* **Task**: Under this line is a listing; return exactly the lines starting at the one with "Camisa Breda Social" and running down to the one with "MCP vs WebMCP", and leave out its pictures.

* **Data to examine**:
********************
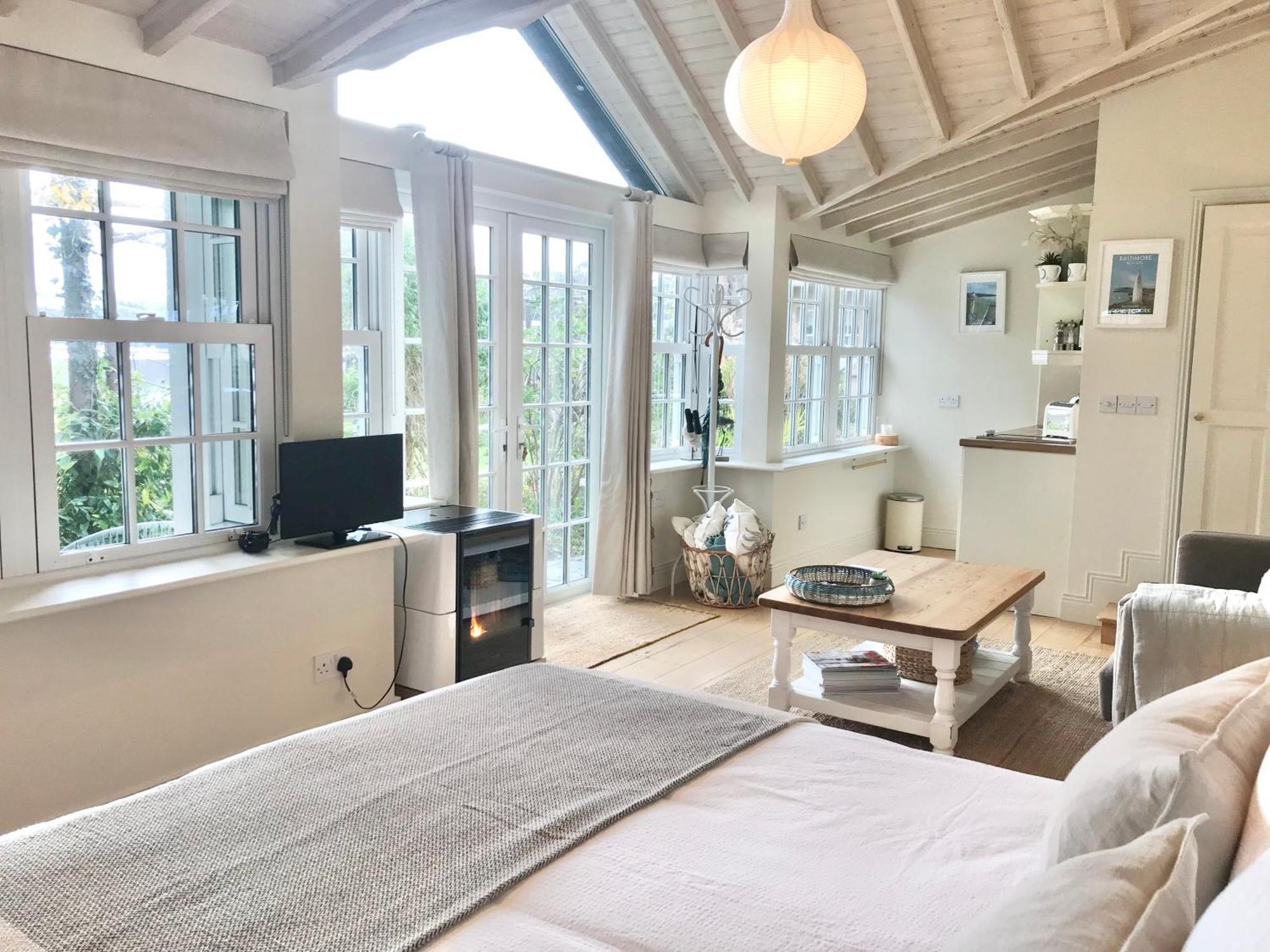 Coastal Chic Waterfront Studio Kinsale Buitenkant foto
********************
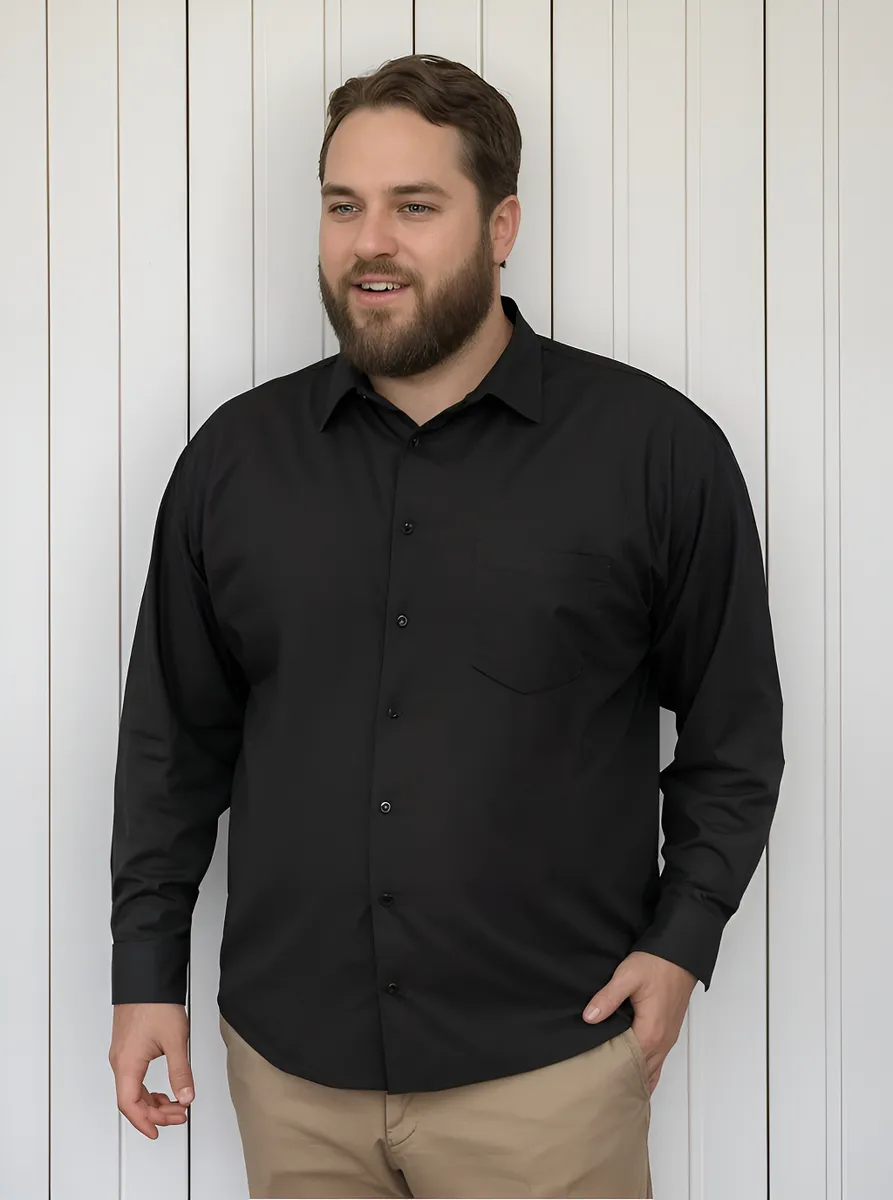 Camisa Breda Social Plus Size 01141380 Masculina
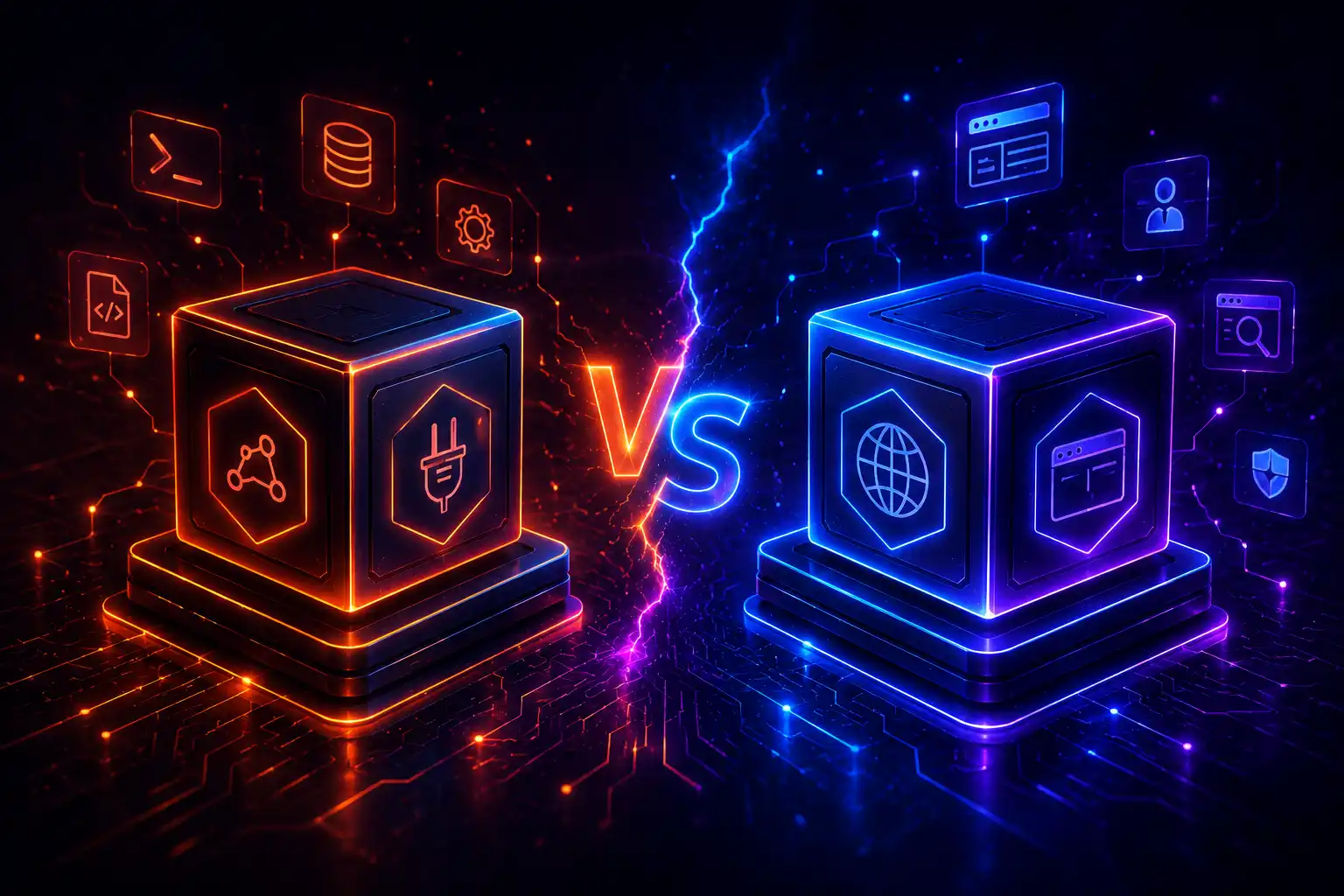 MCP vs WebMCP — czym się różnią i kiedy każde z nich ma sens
********************
* **Solved problem**:
 Camisa Breda Social Plus Size 01141380 Masculina
 MCP vs WebMCP — czym się różnią i kiedy każde z nich ma sens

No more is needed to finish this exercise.